There is a big difference in taking a few tax deductions for a few hundred dollars and committing tax fraud. Tax fraud means that you have intentionally broken the tax law providing incorrect information on your federal income tax return for the purpose of financial gain. Activities the IRS determines as breaking the tax laws include but are not limited to:
deliberately underreporting income
deliberately omitting income
keeping two sets of books
overstating the amount of deductions
making false entries in books and records
claiming personal expenses as business expenses
hiding assets or income
claiming false deductions
transferring assets or income
The IRS created the Criminal Investigation Division to research and correct improper tax filing and improper tax payment. The Criminal Investigation Division of the IRS investigates a wide variety of individuals and corporations including business owners and self-employed wage earners. It is the main component of the IRS’s efforts to directly influence taxpayer compliance.
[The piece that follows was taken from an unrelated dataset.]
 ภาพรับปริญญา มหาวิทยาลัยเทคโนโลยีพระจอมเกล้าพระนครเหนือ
The Tax Fraud Program is the Criminal Investigation Division’s largest enforcement program that covers a variety of tax fraud and tax and money laundering crimes. According to IRS statistics there were 1,863 investigations initiated by the Tax Fraud Program in 2006, leading to nearly 700 people being sentenced and incarcerated for breaking the tax law.
The Tax Fraud Program classifies tax fraud crimes into two basic programs, legal source tax crimes and illegal source financial crimes. Legal source tax crimes involve people who earn wages legally but choose to evade taxes by violation of tax laws. These cases involve behaviors that threaten the tax system, such as questionable claimed refunds, unscrupulous tax return preparers, and persons who challenge the legality of income taxes. The prosecution of these cases is essential in supporting the IRS’s overall compliance goals, encouraging voluntary compliance with the tax laws, and promoting fairness and equity in the American tax system.
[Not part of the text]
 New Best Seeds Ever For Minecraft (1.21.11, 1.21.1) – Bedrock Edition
The second program, illegal source financial crimes, focuses on money gained through illegal sources of income, such as illegal gambling. According to the IRS, these underground operations threaten our “voluntary tax compliance system and undermine the overall public confidence in our tax system.” The IRS demands that taxes be paid on money earned through any means, therefore many recipients of illegal income attempt to legitimize their income. This process of “cleaning” the illegally obtained money is known as “money laundering.” The IRS deems money laundering as “tax evasion in progress.”
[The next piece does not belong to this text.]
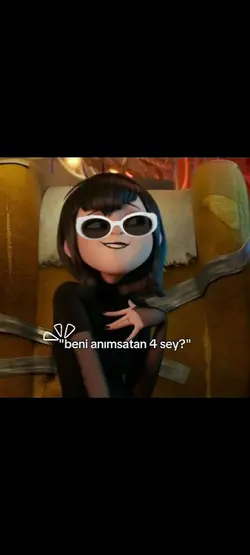 -beyza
Nowadays, money launderers use various schemes and transactions to conceal income and assets. This includes manipulation of currency reporting requirements and the layering of transactions. Since money laundering and currency violations are often intertwined with tax violations, the illegal source financial crimes program encompasses many tax and tax related violations.
The punishments and penalties for tax fraud issues vary from cases to case. However, according to the US tax code (sections 18 and 26) some violations of tax law carry penalties of up to five years in prison with fines up to $250,000.00 for individuals and $500,000.00 for corporations. According to IRS statistics, the average incarceration sentence for tax fraud crimes in 2006 was 26 months.
The important thing to remember is to be completely honest when preparing your income tax returns. Alternatively, you should seek a competent professional to prepare your returns for you. If you follow your legal duty of voluntary compliance and pay your taxes without hiding income then there is never a reason to worry.
No matter what the cause of the IRS income tax problem, J.M. Trippon & Company CPAs can assist you with resolving your IRS tax problem. Give us a call today to speak to one of our IRS tax resolution specialists at 713-661-1040.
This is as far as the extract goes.